Monday, Aug. 18, 1941

Problem of Morale

I'll tell you what morale is. It is when a soldier thinks his army is the best in the world, his regiment the best in the army, his company the best in the regiment, his squad the best in the company, and that he himself is the best damn soldier-man in the outfit.

This definition is by the U.S. Army's morale chief, Brigadier General James A. Ulio, and it describes a quality that a large part of the U.S. Army conspicuously has not got. Last week, when the news was broadcast that the Senate had passed and sent to the House a bill extending the service of the National Guard and draftees to two and a half years, around thousands of radios in thousands of tents from coast to coast angry soldiers growled, "Those obscenity obscenities in Washington! Obscenity the whole obscenity lot of them!"

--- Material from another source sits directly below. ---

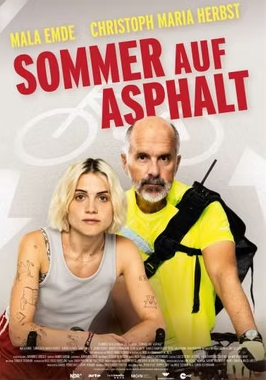 Eine abstrakte Darstellung mit sanften Farbverläufen in Rosa und Weiß. Am unteren Bildrand steht der Text: "TRISTAN UND ISOLDE 21.03.2026 17 UHR".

Such words did not come from the whole Army by any means. Nor did they mean that the speakers were unwilling to defend their country. But they did mean that soldiers were exercising something more than their immemorial right to grouse. Those among them who like to talk big spoke darkly of wholesale desertions when their year was up. In one National Guard division, once reputed for its high morale, soldiers carried out a species of "V" campaign: they chalked "Ohio" on latrine walls and artillery pieces. "Ohio" meant "Over the Hill in October" (when the division's year is up).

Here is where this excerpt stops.